Private daycare operators predict disaster in Nova Scotia under government plan
Daycare owners, advocates travel to legislature in Halifax to get their message out
The Houston government is offering daycare operators across Nova Scotia a total of $100 million more a year to beef up the salaries of early childhood educators, but advocates who came to Province House Friday say it's not enough.
Daycare owner Lisa Beddow told reporters more money is needed to offset rising costs and pay staff an adequate wage. Without it, private operations like hers will be forced to close.
"We have done a poll with our private operators and [nearly] 25 per cent [are] looking to close within the next 12 months," said Beddow, who owns six daycares in the Truro, East Hants and Halifax region.

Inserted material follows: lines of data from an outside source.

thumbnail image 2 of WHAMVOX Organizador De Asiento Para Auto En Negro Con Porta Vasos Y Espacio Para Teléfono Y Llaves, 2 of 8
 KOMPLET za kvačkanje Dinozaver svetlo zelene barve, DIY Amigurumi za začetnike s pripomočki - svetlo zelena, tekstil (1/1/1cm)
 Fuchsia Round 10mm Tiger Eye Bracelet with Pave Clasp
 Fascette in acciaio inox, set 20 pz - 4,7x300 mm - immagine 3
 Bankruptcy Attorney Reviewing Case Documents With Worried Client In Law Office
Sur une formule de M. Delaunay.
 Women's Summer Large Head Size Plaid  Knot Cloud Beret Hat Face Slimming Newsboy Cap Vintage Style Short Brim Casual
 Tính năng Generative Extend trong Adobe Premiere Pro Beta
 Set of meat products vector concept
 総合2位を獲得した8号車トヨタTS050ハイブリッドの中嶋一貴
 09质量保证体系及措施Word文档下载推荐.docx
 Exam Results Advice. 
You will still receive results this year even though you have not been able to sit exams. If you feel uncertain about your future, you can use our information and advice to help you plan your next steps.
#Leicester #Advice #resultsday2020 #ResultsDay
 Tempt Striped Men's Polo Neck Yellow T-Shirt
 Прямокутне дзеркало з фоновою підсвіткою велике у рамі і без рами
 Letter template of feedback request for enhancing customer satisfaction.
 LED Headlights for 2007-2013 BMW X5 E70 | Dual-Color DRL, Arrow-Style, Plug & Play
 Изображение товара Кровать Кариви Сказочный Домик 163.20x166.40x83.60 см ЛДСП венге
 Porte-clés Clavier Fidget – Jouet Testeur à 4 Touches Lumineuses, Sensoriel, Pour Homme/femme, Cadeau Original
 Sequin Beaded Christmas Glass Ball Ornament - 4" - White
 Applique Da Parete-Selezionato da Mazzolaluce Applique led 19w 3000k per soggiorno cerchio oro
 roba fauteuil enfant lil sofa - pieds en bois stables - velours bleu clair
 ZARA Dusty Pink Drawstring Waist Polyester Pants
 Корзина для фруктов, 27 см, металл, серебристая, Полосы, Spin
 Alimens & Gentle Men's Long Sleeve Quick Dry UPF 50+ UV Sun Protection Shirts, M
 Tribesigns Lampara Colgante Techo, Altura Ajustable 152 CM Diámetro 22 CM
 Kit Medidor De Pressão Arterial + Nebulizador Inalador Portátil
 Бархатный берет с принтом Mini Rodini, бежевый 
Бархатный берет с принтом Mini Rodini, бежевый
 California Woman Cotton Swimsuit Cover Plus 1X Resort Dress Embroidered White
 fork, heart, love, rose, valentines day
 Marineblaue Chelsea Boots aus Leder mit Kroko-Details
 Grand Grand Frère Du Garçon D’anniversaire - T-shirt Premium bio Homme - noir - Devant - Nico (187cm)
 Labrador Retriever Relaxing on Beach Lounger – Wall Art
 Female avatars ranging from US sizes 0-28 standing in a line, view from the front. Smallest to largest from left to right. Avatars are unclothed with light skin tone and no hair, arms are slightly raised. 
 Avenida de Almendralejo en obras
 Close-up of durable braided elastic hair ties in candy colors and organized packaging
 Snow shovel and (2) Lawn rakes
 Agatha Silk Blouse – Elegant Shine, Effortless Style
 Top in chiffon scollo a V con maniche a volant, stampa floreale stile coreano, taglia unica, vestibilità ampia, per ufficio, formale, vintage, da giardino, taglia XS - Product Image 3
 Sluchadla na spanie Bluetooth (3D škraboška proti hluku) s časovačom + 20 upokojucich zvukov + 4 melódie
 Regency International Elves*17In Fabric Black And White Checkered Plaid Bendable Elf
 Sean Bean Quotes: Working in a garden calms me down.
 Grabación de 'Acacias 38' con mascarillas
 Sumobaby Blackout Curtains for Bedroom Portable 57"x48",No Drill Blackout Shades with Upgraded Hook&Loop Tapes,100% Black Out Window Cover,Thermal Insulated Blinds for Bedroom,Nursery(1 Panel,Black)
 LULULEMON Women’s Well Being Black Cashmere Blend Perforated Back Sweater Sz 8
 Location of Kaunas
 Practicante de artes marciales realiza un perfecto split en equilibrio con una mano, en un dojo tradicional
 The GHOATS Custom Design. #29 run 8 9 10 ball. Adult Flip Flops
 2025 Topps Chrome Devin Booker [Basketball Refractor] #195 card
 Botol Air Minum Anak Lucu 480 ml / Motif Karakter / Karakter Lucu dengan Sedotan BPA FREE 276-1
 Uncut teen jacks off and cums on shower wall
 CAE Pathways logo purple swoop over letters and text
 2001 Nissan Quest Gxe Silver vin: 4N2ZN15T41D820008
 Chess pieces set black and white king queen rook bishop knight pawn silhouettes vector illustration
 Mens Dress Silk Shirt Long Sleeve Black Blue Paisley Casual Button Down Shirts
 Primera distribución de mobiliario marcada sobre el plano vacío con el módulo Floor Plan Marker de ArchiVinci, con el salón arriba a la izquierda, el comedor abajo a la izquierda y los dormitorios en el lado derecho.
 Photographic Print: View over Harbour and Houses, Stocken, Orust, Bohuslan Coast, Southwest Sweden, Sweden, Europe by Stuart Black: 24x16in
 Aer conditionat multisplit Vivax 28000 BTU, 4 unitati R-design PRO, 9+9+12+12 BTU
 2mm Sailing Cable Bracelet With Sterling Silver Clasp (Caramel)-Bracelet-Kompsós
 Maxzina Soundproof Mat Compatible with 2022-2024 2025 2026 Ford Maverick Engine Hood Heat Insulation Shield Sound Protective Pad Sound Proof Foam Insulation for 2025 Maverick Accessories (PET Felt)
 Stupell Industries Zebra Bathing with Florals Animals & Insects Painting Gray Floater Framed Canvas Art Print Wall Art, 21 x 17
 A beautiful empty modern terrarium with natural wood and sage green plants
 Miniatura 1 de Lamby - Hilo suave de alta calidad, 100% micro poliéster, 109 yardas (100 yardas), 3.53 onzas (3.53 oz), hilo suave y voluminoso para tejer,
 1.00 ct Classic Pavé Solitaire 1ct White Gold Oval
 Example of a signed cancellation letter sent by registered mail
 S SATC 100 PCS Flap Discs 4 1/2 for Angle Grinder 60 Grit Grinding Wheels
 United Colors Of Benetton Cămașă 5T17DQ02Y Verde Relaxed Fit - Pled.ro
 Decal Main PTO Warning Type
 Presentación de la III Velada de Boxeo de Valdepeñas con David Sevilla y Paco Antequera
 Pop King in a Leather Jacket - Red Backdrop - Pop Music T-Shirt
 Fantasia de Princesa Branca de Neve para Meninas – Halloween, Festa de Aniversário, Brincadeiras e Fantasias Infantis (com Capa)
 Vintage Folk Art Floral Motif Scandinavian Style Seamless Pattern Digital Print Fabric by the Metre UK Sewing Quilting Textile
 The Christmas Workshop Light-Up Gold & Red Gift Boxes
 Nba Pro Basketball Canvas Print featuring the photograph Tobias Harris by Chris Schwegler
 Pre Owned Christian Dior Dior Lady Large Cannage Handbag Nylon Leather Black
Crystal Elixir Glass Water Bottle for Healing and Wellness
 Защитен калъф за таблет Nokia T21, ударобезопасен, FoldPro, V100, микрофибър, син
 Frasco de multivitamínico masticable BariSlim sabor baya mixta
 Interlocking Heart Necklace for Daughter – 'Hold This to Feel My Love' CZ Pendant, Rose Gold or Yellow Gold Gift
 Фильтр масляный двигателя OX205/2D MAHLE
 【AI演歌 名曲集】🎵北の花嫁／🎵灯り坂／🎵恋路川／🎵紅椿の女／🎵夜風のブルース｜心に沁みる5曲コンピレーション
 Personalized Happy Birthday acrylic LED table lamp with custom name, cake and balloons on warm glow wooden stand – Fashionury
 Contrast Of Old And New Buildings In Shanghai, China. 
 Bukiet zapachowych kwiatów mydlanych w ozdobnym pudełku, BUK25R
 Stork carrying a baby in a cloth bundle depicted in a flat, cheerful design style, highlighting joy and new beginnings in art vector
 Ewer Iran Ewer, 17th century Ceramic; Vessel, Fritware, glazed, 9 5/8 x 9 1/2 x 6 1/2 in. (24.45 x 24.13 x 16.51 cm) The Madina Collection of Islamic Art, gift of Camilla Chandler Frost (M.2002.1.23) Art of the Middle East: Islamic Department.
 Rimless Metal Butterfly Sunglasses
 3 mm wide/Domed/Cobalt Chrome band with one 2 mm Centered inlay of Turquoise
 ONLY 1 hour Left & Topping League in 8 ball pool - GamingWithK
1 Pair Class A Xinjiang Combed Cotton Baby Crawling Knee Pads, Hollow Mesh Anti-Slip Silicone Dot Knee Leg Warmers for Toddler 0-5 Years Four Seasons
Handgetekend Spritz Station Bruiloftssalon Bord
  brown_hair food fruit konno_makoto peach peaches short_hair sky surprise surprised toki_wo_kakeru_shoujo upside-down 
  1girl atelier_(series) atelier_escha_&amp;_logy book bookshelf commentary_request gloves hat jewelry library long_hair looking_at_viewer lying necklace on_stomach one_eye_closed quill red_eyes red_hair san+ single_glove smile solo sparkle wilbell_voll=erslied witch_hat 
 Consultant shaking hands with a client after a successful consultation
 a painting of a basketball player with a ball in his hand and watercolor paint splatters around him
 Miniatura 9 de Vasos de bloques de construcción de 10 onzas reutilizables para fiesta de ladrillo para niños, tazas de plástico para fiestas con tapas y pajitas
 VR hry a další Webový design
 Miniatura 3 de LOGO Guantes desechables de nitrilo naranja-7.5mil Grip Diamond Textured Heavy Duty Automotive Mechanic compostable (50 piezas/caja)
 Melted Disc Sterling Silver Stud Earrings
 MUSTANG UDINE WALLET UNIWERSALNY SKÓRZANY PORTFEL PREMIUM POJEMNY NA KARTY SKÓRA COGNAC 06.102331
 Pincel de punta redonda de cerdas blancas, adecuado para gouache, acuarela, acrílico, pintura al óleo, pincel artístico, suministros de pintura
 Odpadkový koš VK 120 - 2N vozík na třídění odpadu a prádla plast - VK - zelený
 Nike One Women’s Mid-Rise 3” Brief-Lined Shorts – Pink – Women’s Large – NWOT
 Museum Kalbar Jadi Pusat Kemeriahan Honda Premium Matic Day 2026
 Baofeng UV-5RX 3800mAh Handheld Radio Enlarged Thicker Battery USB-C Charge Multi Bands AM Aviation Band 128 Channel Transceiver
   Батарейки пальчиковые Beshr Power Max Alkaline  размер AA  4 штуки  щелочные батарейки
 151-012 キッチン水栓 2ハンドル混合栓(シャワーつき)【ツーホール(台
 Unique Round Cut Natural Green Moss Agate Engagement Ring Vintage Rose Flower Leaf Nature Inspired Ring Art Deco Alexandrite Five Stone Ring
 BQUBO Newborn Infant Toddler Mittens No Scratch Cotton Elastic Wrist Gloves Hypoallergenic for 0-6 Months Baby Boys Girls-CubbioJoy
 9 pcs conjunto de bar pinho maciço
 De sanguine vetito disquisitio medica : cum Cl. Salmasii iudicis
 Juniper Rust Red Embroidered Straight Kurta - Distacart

"We hold 60 per cent of the spaces in our province, and we do meet quite regularly, and I can say with certainty we're a unified group," she said. "[We] do believe that this is going to end in a disaster, a complete crisis in our province without the private operators."
Struggles in sector
The message was just as pointed from the co-ordinator of Child Care Now Nova Scotia, Nikki Jamieson. Her group is a provincial chapter of Canada's national child care advocacy coalition, which supports a publicly funded, non-profit child care system.
"Everybody in the sector is struggling," said Jamieson. "The sector has been in crisis for a number of years, as we know, and this rollout has been complex and messy."
The federal government and Nova's Scotia's previous Liberal government signed a $605-million agreement in 2021 aimed at halving child-care costs in the province by the end of 2022 and reaching an average $10 a day by 2026. Another goal of the deal is to boost the wages of those working in the sector.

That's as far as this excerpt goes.